The latest findings from Dell’Oro Group highlight a telecom industry navigating stability, efficiency, and transformation as operators balance near-term caution with long-term ambitions driven by AI and cloud technologies. Here are 10 key facts defining the global telecom capex.
Stefan Pongratz, Vice President at Dell’Oro Group, said: “Telecom operators remain optimistic about the long-term network vision, particularly as AI drives new demand, but in the short term they are taking a more cautious stance, with many planning to moderate Capex.”
1. Telecom Capex Remained Flat in 2025
Global telecom investments showed no growth in 2025, with capital expenditure across around 50 major service providers – representing nearly 80 percent of worldwide spending – remaining flat in nominal USD terms.
2. Industry Enters a Phase of Spending Discipline
The flat capex trend signals a strategic pause as operators shift focus from aggressive expansion to optimizing existing infrastructure and improving returns.
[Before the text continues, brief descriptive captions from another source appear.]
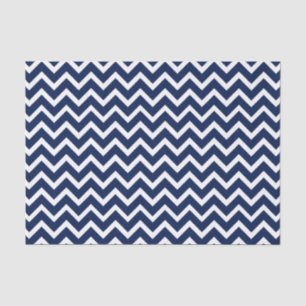 Papel De Seda Padrão marinho Azul e Branco Chevron Zigzag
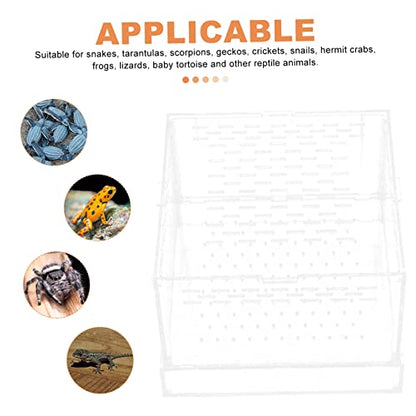 Totority Feeding Enclosure for Spider Scorpion and Gecko Lightweight Breeding Box Lid for Easy Observation and Maintenance Reptile Habitat Container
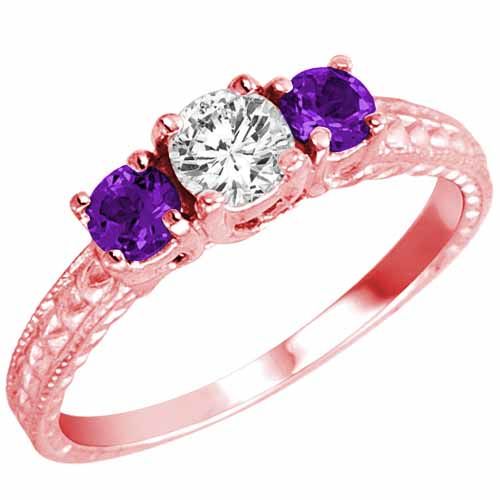 14K Rose Gold Round 3 Stone Diamond and Amethyst Engagement Ring With Cobra Design Shank (0.95 cttw)
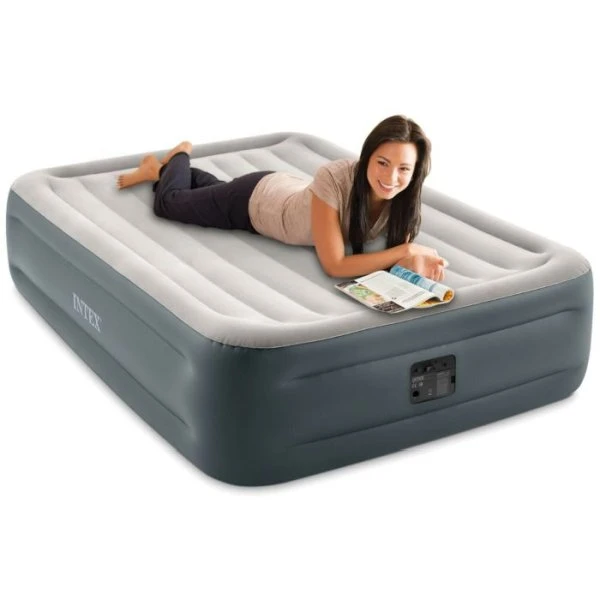 Intex надувная кровать “velur essential” 152x203x46 см с встр.нас. 220в, до 272 кг 2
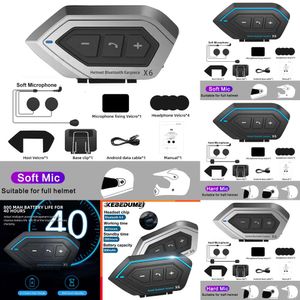 Voiture électronique X6 casque de moto casque casque BT 5.0 sans fil moto mains libres stéréo écouteur haut-parleur réduction du bruit avec micro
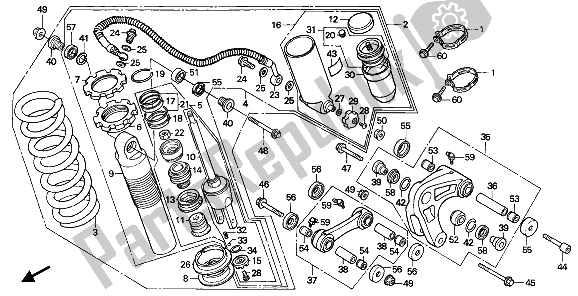 Todas las partes para Cojín Trasero de Honda XR 250R 1988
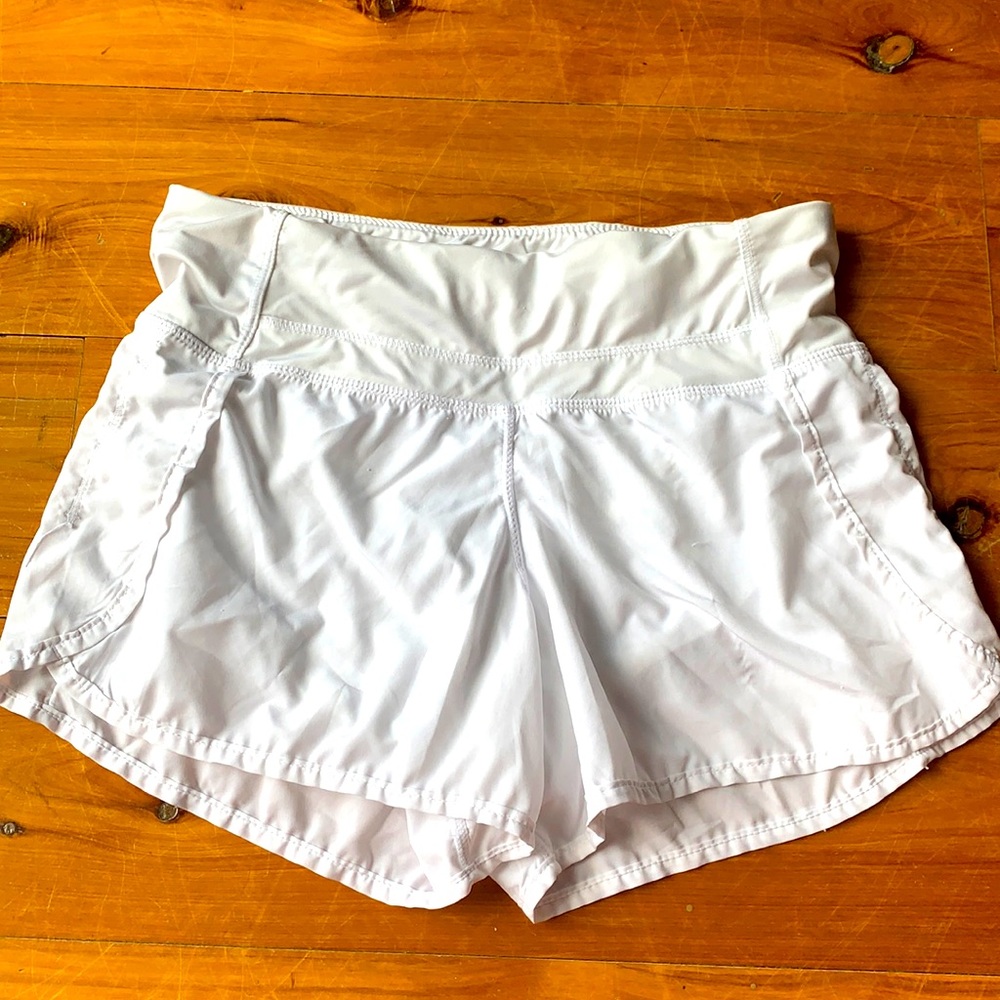 White Lululemon running shorts size 6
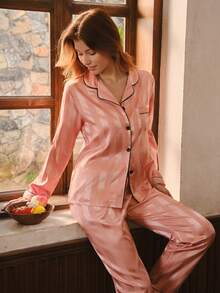 Bisouelle Bộ đồ ngủ nữ tay dài và quần dài kẻ sọc jacquard, thích hợp cho mùa thu đông. - Hồng - Xem 4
3. Capex and Equipment Revenue Relationship Stayed Stable
Spending patterns across key segments such as Broadband Access, Optical Transport, Mobile Core Network, Radio Access Network, and routers and switches maintained a stable correlation between operator investments and vendor revenues.
4. Equipment Revenue Grew 4 Percent Year-over-Year
Despite flat capex, telecom equipment manufacturers recorded a 4 percent increase in revenue in 2025, indicating resilient demand for network technologies.
5. Cloud Providers Drove Nearly Half of Equipment Growth
Hyperscale cloud companies played a critical role, contributing around 50 percent of the total growth in telecom equipment revenue, reinforcing their expanding influence in network infrastructure.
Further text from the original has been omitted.